Ding-ding! Let’s get ready to rumble!

The Good

There’s a lot of good to go over. First, there’s the website itself. It’s a modern-looking site. My care level is about a 3 out of 10. I’m more of a function-over-form dude. If it works good but looks clunky, so be it. In this case, though, it works good and looks good. It’s easy to navigate and see just where you need to be. There is no store front, which is a bit of a shame, but that’s neither here nor there. I don’t really believe the majority of people will venture out from their mainstream sellers like Amazon and Kobo to get books. So, as far as looks go, D2D wins the SW <> D2D battle. Call it a flesh wound.

What about making the damn book already? I’m getting to that. Creating a book is as easy as signing up and clicking the ‘Add Book’ button. You fill in the meta-data, set the cover image and you’re ready to go. The image has recommendations, but the little description says ‘so long as it’s rectangular in nature, with the height greater than the width’ you’re golden. This is fine, but I’d prefer a stricter structure. Knowing what I know about all the various requirements from different distributors, I like the security of knowing my cover won’t be pixelated or bloated or whatever. Still, it’s nice to have the freedom.

Like Smashwords, you can set a release date, so that your book can be pushed to publishers before the go-live. And, as you can see, there’s a lovely little banner telling you all about when it’s going to drop. SW <> D2D trade blows here, nothing really substantial. Think of it as functional parity.

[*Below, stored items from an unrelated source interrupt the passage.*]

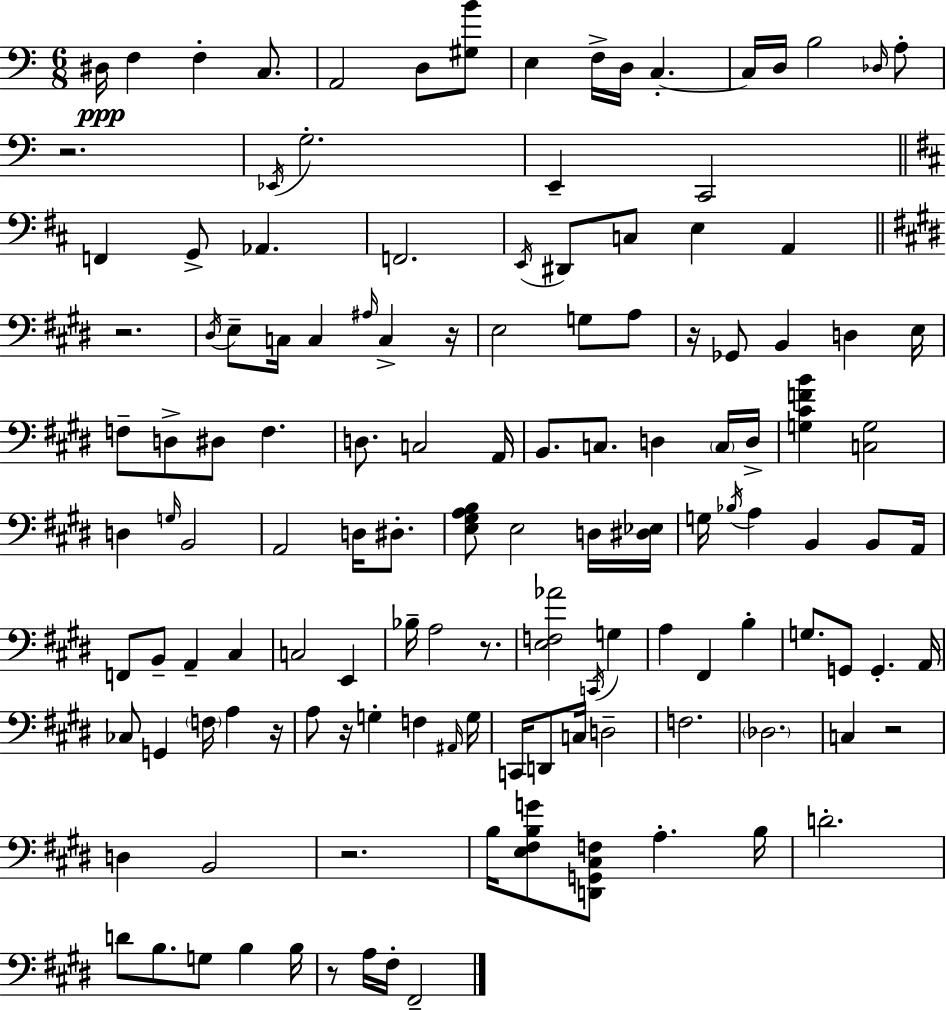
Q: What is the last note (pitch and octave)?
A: F#2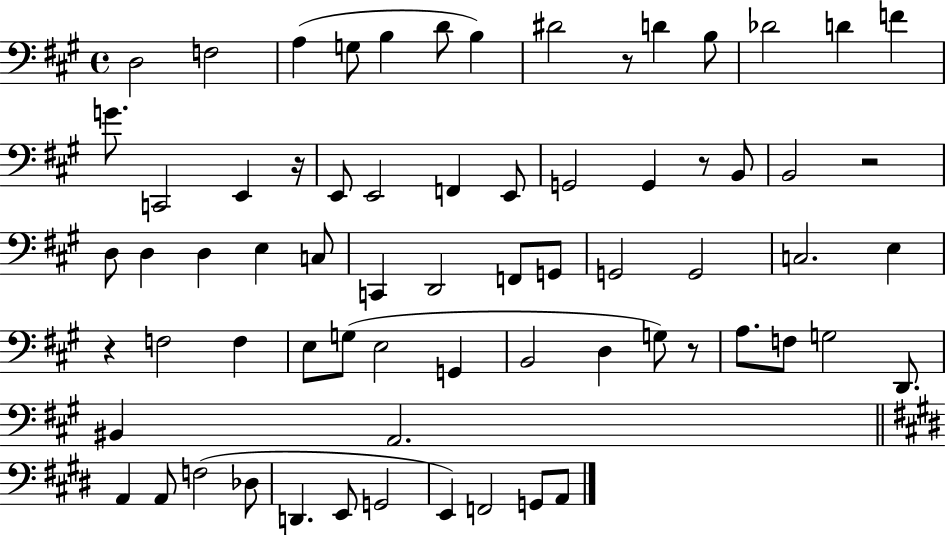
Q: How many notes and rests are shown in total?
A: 69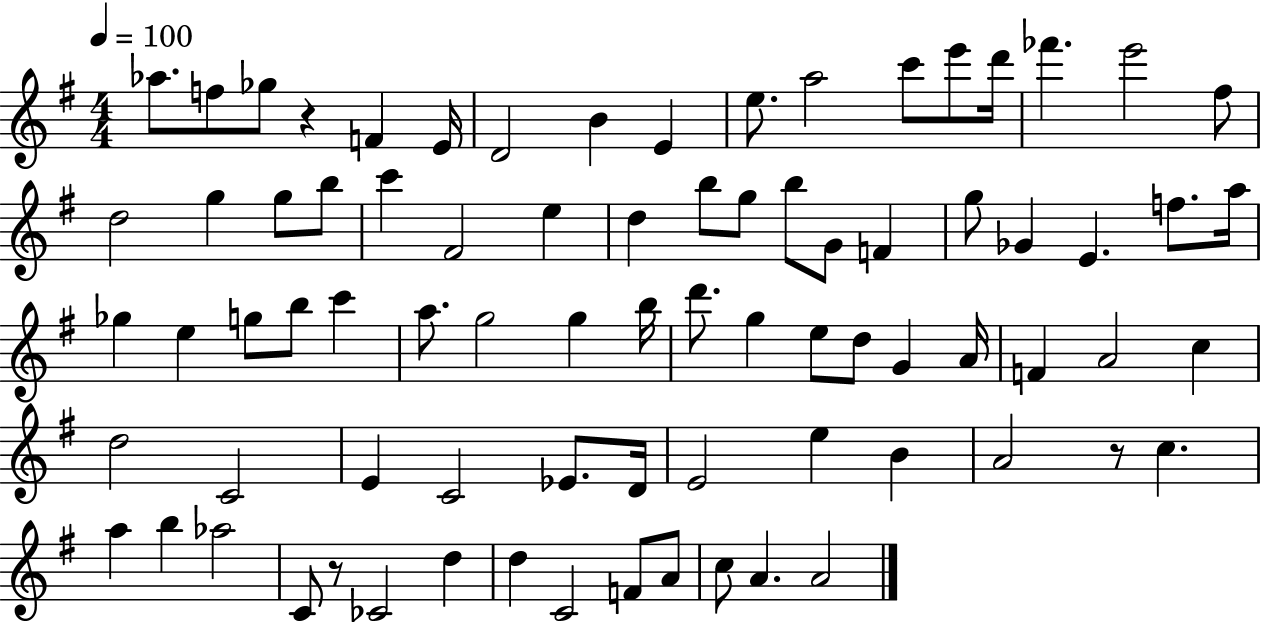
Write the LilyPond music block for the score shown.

{
  \clef treble
  \numericTimeSignature
  \time 4/4
  \key g \major
  \tempo 4 = 100
  aes''8. f''8 ges''8 r4 f'4 e'16 | d'2 b'4 e'4 | e''8. a''2 c'''8 e'''8 d'''16 | fes'''4. e'''2 fis''8 | \break d''2 g''4 g''8 b''8 | c'''4 fis'2 e''4 | d''4 b''8 g''8 b''8 g'8 f'4 | g''8 ges'4 e'4. f''8. a''16 | \break ges''4 e''4 g''8 b''8 c'''4 | a''8. g''2 g''4 b''16 | d'''8. g''4 e''8 d''8 g'4 a'16 | f'4 a'2 c''4 | \break d''2 c'2 | e'4 c'2 ees'8. d'16 | e'2 e''4 b'4 | a'2 r8 c''4. | \break a''4 b''4 aes''2 | c'8 r8 ces'2 d''4 | d''4 c'2 f'8 a'8 | c''8 a'4. a'2 | \break \bar "|."
}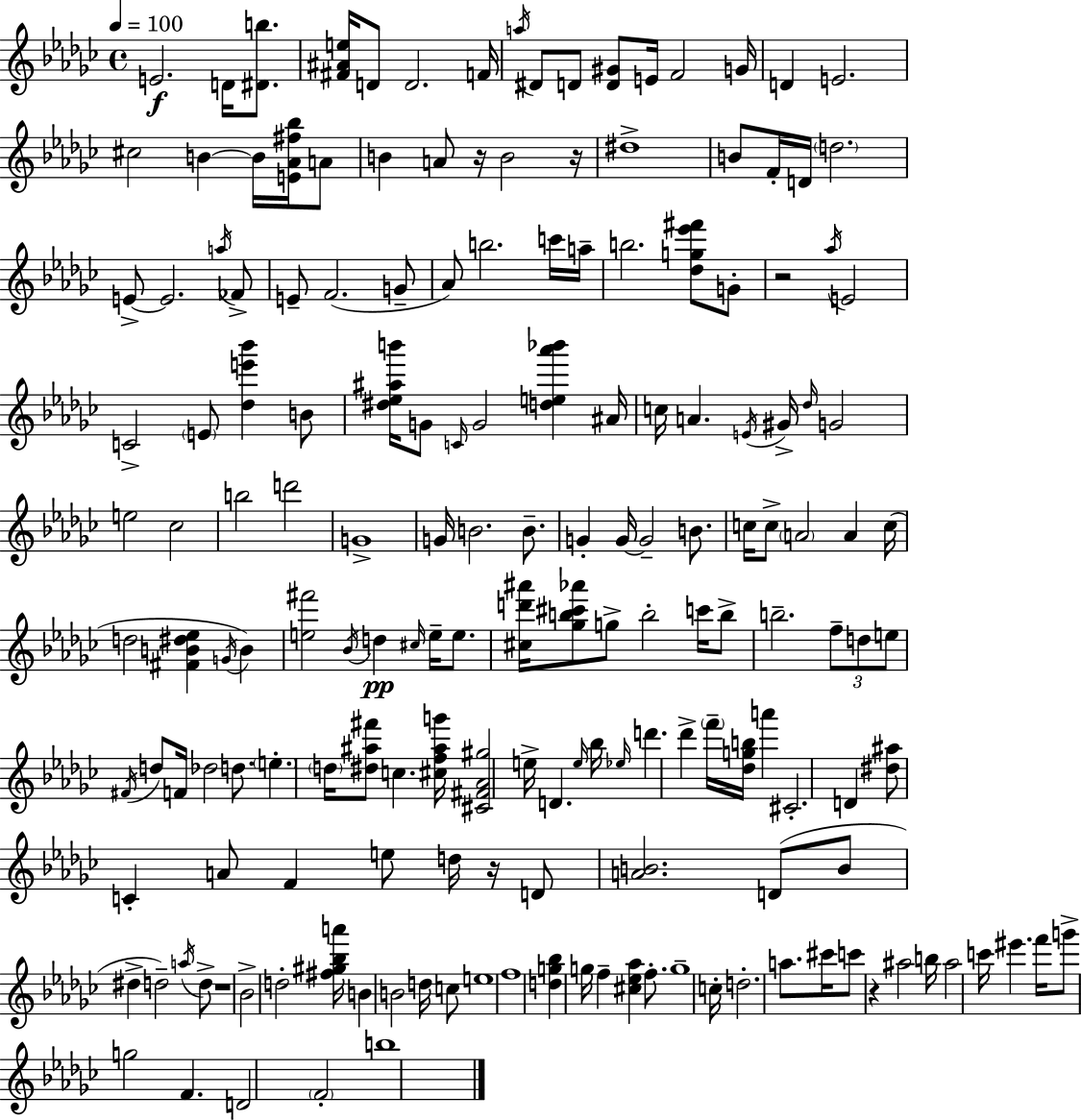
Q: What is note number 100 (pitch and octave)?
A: D6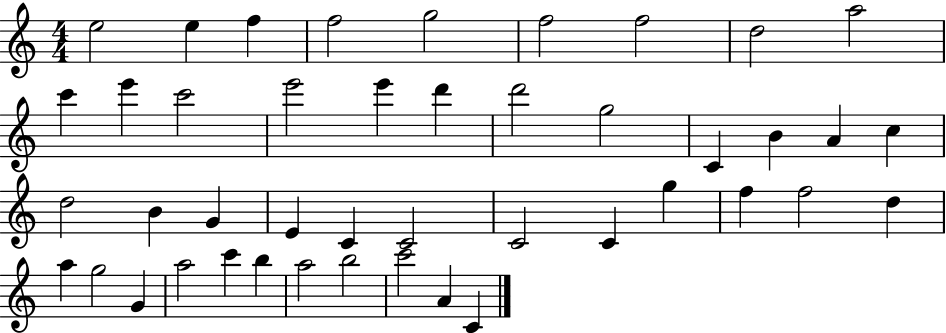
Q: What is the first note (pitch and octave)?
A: E5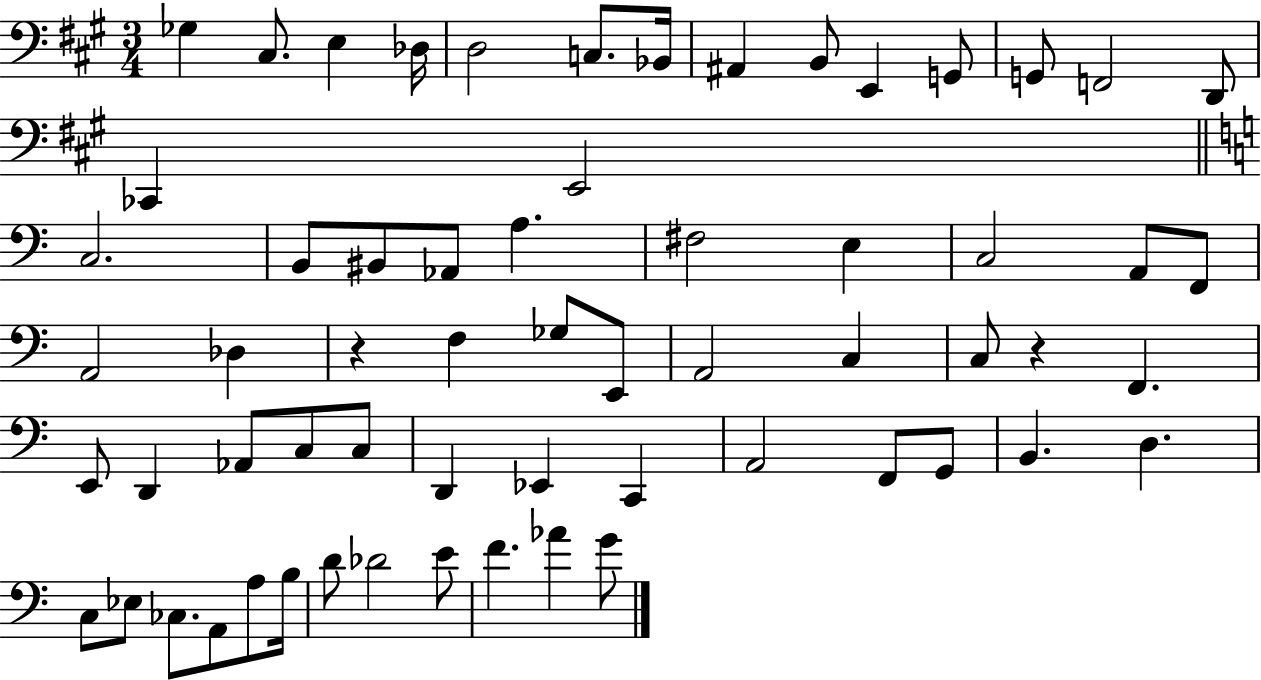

Then you upload your manuscripts. Word doc is fine. You can have your own title, and own links, but there’s a kind of cool feature here: You don’t need a title, copyright or contents page. That’s right. Just write your book, with Chapters and upload. There’s an option to automatically add these things, along with ‘also by’ and ‘author bio’ pages:

At this stage, you can see just how your book has been broken down. If it looks good, you head to the next step. If not, you figure out what you’ve done (ohhh… I mucked up the chapter naming) and re-upload. And if there are any issue, there’s a big red button you can use to ask for help. I didn’t use that, but it’s there. Anyway, upload, check, click next. It’s that easy. D2D <> SW, D2D lands a quick jab to the shnozz.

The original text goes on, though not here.